DATA UNDER STUDY>
§ §

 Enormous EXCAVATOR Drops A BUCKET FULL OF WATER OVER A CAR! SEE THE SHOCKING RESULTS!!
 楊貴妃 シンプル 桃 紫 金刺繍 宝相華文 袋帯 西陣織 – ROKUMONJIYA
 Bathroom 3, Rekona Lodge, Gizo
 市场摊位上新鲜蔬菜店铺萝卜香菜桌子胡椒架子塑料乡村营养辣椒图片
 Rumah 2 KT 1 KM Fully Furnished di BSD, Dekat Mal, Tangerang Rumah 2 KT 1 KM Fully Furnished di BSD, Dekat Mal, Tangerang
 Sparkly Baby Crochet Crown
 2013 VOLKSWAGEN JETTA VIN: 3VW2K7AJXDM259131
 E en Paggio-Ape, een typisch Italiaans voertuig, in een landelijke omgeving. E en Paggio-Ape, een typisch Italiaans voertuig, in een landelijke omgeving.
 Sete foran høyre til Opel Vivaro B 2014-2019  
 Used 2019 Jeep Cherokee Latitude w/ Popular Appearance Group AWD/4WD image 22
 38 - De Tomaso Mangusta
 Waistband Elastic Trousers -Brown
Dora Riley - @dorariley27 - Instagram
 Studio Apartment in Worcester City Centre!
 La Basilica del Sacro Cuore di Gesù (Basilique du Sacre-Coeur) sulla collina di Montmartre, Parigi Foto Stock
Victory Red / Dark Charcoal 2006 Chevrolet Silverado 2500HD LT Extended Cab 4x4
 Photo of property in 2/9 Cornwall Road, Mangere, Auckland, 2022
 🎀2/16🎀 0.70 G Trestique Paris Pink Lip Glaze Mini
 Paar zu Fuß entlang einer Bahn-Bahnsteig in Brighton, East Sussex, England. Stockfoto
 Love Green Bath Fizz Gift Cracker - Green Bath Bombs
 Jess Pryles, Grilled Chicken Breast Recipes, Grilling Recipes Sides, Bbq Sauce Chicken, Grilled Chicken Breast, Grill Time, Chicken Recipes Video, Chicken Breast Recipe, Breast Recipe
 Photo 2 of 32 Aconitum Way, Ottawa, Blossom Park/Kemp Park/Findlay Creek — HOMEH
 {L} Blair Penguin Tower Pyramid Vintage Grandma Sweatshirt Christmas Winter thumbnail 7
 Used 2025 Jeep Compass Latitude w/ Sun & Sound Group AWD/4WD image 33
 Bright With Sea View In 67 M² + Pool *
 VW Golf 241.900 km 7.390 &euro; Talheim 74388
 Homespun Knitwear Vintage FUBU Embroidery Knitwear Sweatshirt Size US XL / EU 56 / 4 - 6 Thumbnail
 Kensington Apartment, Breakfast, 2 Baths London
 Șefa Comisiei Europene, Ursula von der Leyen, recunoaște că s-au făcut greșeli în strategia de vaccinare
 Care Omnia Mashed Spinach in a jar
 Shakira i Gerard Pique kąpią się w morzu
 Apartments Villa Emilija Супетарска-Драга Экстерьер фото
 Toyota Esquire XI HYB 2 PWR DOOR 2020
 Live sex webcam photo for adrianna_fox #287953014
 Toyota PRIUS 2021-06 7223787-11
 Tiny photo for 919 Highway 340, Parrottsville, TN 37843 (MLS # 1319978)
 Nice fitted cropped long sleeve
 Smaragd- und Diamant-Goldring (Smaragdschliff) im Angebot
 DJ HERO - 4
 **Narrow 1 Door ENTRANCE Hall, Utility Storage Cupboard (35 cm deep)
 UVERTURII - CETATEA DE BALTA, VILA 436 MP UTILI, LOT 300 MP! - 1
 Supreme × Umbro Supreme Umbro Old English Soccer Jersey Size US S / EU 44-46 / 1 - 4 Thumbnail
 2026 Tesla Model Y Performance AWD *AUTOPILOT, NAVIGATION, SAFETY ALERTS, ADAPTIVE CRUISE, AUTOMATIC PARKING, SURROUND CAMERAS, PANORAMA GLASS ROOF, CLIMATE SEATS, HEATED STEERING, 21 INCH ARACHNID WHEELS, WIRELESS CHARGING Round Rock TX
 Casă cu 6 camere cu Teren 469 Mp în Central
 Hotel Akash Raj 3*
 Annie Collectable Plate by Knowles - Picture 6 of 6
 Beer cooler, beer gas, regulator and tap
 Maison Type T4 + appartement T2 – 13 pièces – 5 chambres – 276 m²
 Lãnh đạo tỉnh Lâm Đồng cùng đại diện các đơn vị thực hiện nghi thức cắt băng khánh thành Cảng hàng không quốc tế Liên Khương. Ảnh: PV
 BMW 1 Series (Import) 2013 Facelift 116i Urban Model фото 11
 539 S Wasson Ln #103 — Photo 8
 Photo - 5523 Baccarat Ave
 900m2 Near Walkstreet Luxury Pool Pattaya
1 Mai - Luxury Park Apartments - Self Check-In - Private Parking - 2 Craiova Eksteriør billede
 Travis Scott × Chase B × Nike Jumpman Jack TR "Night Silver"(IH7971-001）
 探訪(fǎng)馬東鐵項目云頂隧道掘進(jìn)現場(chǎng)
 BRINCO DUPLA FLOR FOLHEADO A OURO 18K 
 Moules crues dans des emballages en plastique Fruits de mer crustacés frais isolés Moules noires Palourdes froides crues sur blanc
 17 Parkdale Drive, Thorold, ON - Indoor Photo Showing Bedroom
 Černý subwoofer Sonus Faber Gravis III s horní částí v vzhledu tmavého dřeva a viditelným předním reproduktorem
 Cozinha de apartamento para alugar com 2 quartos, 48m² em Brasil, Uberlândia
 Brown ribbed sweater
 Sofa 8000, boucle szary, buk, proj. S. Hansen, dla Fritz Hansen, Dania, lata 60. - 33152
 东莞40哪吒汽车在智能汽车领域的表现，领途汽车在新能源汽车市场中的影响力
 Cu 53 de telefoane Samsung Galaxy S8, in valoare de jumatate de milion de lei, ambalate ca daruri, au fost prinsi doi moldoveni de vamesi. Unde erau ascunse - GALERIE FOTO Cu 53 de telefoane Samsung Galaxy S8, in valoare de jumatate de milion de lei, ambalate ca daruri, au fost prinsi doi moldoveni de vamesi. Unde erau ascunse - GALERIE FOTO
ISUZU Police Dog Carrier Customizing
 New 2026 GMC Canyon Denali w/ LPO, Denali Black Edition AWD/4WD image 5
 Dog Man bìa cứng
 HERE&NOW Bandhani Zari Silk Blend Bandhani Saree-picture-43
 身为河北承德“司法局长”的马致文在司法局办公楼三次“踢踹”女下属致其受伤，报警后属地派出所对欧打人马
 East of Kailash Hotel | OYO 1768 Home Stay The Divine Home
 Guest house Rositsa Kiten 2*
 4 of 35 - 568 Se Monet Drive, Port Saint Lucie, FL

§ §

WHAT THE TASK ASKS>
Each entry should be duplicated exactly as it was given.

RESPONSE TO THIS TASK>
 Enormous EXCAVATOR Drops A BUCKET FULL OF WATER OVER A CAR! SEE THE SHOCKING RESULTS!!
 楊貴妃 シンプル 桃 紫 金刺繍 宝相華文 袋帯 西陣織 – ROKUMONJIYA
 Bathroom 3, Rekona Lodge, Gizo
 市场摊位上新鲜蔬菜店铺萝卜香菜桌子胡椒架子塑料乡村营养辣椒图片
 Rumah 2 KT 1 KM Fully Furnished di BSD, Dekat Mal, Tangerang Rumah 2 KT 1 KM Fully Furnished di BSD, Dekat Mal, Tangerang
 Sparkly Baby Crochet Crown
 2013 VOLKSWAGEN JETTA VIN: 3VW2K7AJXDM259131
 E en Paggio-Ape, een typisch Italiaans voertuig, in een landelijke omgeving. E en Paggio-Ape, een typisch Italiaans voertuig, in een landelijke omgeving.
 Sete foran høyre til Opel Vivaro B 2014-2019  
 Used 2019 Jeep Cherokee Latitude w/ Popular Appearance Group AWD/4WD image 22
 38 - De Tomaso Mangusta
 Waistband Elastic Trousers -Brown
Dora Riley - @dorariley27 - Instagram
 Studio Apartment in Worcester City Centre!
 La Basilica del Sacro Cuore di Gesù (Basilique du Sacre-Coeur) sulla collina di Montmartre, Parigi Foto Stock
Victory Red / Dark Charcoal 2006 Chevrolet Silverado 2500HD LT Extended Cab 4x4
 Photo of property in 2/9 Cornwall Road, Mangere, Auckland, 2022
 🎀2/16🎀 0.70 G Trestique Paris Pink Lip Glaze Mini
 Paar zu Fuß entlang einer Bahn-Bahnsteig in Brighton, East Sussex, England. Stockfoto
 Love Green Bath Fizz Gift Cracker - Green Bath Bombs
 Jess Pryles, Grilled Chicken Breast Recipes, Grilling Recipes Sides, Bbq Sauce Chicken, Grilled Chicken Breast, Grill Time, Chicken Recipes Video, Chicken Breast Recipe, Breast Recipe
 Photo 2 of 32 Aconitum Way, Ottawa, Blossom Park/Kemp Park/Findlay Creek — HOMEH
 {L} Blair Penguin Tower Pyramid Vintage Grandma Sweatshirt Christmas Winter thumbnail 7
 Used 2025 Jeep Compass Latitude w/ Sun & Sound Group AWD/4WD image 33
 Bright With Sea View In 67 M² + Pool *
 VW Golf 241.900 km 7.390 &euro; Talheim 74388
 Homespun Knitwear Vintage FUBU Embroidery Knitwear Sweatshirt Size US XL / EU 56 / 4 - 6 Thumbnail
 Kensington Apartment, Breakfast, 2 Baths London
 Șefa Comisiei Europene, Ursula von der Leyen, recunoaște că s-au făcut greșeli în strategia de vaccinare
 Care Omnia Mashed Spinach in a jar
 Shakira i Gerard Pique kąpią się w morzu
 Apartments Villa Emilija Супетарска-Драга Экстерьер фото
 Toyota Esquire XI HYB 2 PWR DOOR 2020
 Live sex webcam photo for adrianna_fox #287953014
 Toyota PRIUS 2021-06 7223787-11
 Tiny photo for 919 Highway 340, Parrottsville, TN 37843 (MLS # 1319978)
 Nice fitted cropped long sleeve
 Smaragd- und Diamant-Goldring (Smaragdschliff) im Angebot
 DJ HERO - 4
 **Narrow 1 Door ENTRANCE Hall, Utility Storage Cupboard (35 cm deep)
 UVERTURII - CETATEA DE BALTA, VILA 436 MP UTILI, LOT 300 MP! - 1
 Supreme × Umbro Supreme Umbro Old English Soccer Jersey Size US S / EU 44-46 / 1 - 4 Thumbnail
 2026 Tesla Model Y Performance AWD *AUTOPILOT, NAVIGATION, SAFETY ALERTS, ADAPTIVE CRUISE, AUTOMATIC PARKING, SURROUND CAMERAS, PANORAMA GLASS ROOF, CLIMATE SEATS, HEATED STEERING, 21 INCH ARACHNID WHEELS, WIRELESS CHARGING Round Rock TX
 Casă cu 6 camere cu Teren 469 Mp în Central
 Hotel Akash Raj 3*
 Annie Collectable Plate by Knowles - Picture 6 of 6
 Beer cooler, beer gas, regulator and tap
 Maison Type T4 + appartement T2 – 13 pièces – 5 chambres – 276 m²
 Lãnh đạo tỉnh Lâm Đồng cùng đại diện các đơn vị thực hiện nghi thức cắt băng khánh thành Cảng hàng không quốc tế Liên Khương. Ảnh: PV
 BMW 1 Series (Import) 2013 Facelift 116i Urban Model фото 11
 539 S Wasson Ln #103 — Photo 8
 Photo - 5523 Baccarat Ave
 900m2 Near Walkstreet Luxury Pool Pattaya
1 Mai - Luxury Park Apartments - Self Check-In - Private Parking - 2 Craiova Eksteriør billede
 Travis Scott × Chase B × Nike Jumpman Jack TR "Night Silver"(IH7971-001）
 探訪(fǎng)馬東鐵項目云頂隧道掘進(jìn)現場(chǎng)
 BRINCO DUPLA FLOR FOLHEADO A OURO 18K 
 Moules crues dans des emballages en plastique Fruits de mer crustacés frais isolés Moules noires Palourdes froides crues sur blanc
 17 Parkdale Drive, Thorold, ON - Indoor Photo Showing Bedroom
 Černý subwoofer Sonus Faber Gravis III s horní částí v vzhledu tmavého dřeva a viditelným předním reproduktorem
 Cozinha de apartamento para alugar com 2 quartos, 48m² em Brasil, Uberlândia
 Brown ribbed sweater
 Sofa 8000, boucle szary, buk, proj. S. Hansen, dla Fritz Hansen, Dania, lata 60. - 33152
 东莞40哪吒汽车在智能汽车领域的表现，领途汽车在新能源汽车市场中的影响力
 Cu 53 de telefoane Samsung Galaxy S8, in valoare de jumatate de milion de lei, ambalate ca daruri, au fost prinsi doi moldoveni de vamesi. Unde erau ascunse - GALERIE FOTO Cu 53 de telefoane Samsung Galaxy S8, in valoare de jumatate de milion de lei, ambalate ca daruri, au fost prinsi doi moldoveni de vamesi. Unde erau ascunse - GALERIE FOTO
ISUZU Police Dog Carrier Customizing
 New 2026 GMC Canyon Denali w/ LPO, Denali Black Edition AWD/4WD image 5
 Dog Man bìa cứng
 HERE&NOW Bandhani Zari Silk Blend Bandhani Saree-picture-43
 身为河北承德“司法局长”的马致文在司法局办公楼三次“踢踹”女下属致其受伤，报警后属地派出所对欧打人马
 East of Kailash Hotel | OYO 1768 Home Stay The Divine Home
 Guest house Rositsa Kiten 2*
 4 of 35 - 568 Se Monet Drive, Port Saint Lucie, FL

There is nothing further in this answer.